Persons lodging an offshore claim on their trading profits should be mindful that the Inland Revenue Department now tends to take a more stringent approach in examining the offshore claims.  The Inland Revenue Department and the Board may not be taking the traditional approach of focusing on the locations where the sale and purchase contracts were effected in determining the source of trading profits, but to take into consideration all specific facts and circumstances; in particular, more attention is paid on the role of the Hong Kong company and the reasons why the Hong Kong company was set up when determining the source of its profits.
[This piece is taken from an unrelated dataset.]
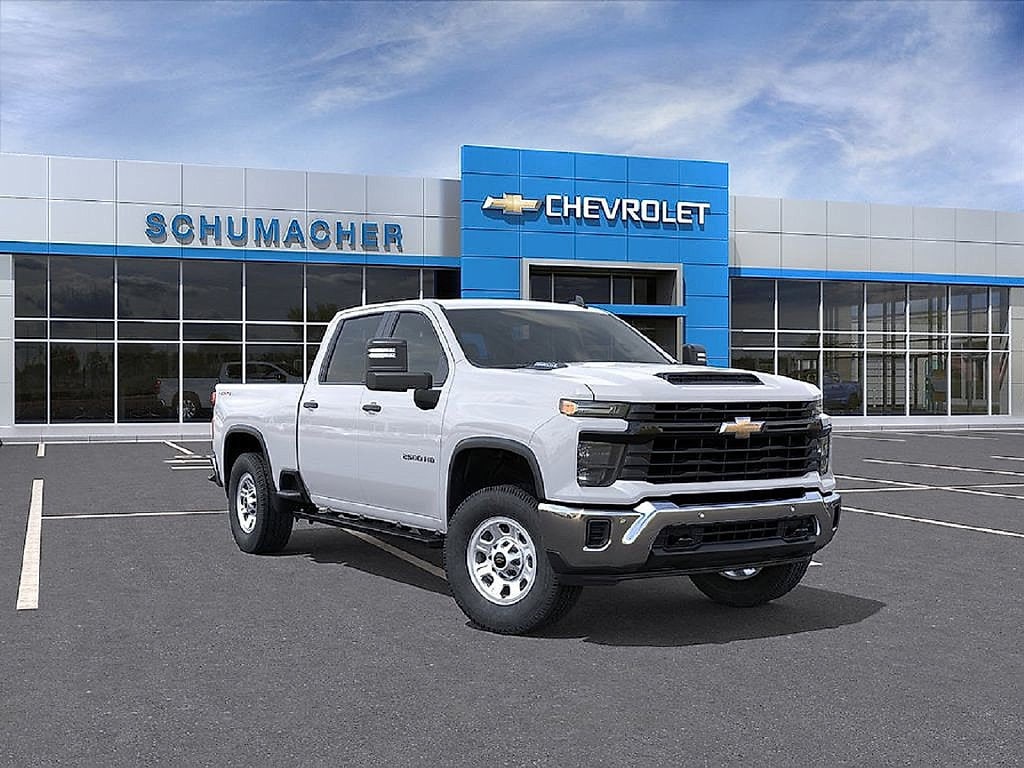 New 2026 Chevrolet Silverado 2500 HD WT Truck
It should be noted that the IRD, when reviewing the offshore claim application, may question on matters such as the business operations of and activities performed by the taxpayer, the functions of and value contributed by the company in Hong Kong, and whether the profits in question are subject to tax in other overseas jurisdictions.   Taxpayers should also be mindful of the importance of keeping sufficient documentary evidence to discharge the burden of proof as the failure to provide sufficient documentation and satisfactory explanation will weaken the taxpayer’s argument for an offshore claim.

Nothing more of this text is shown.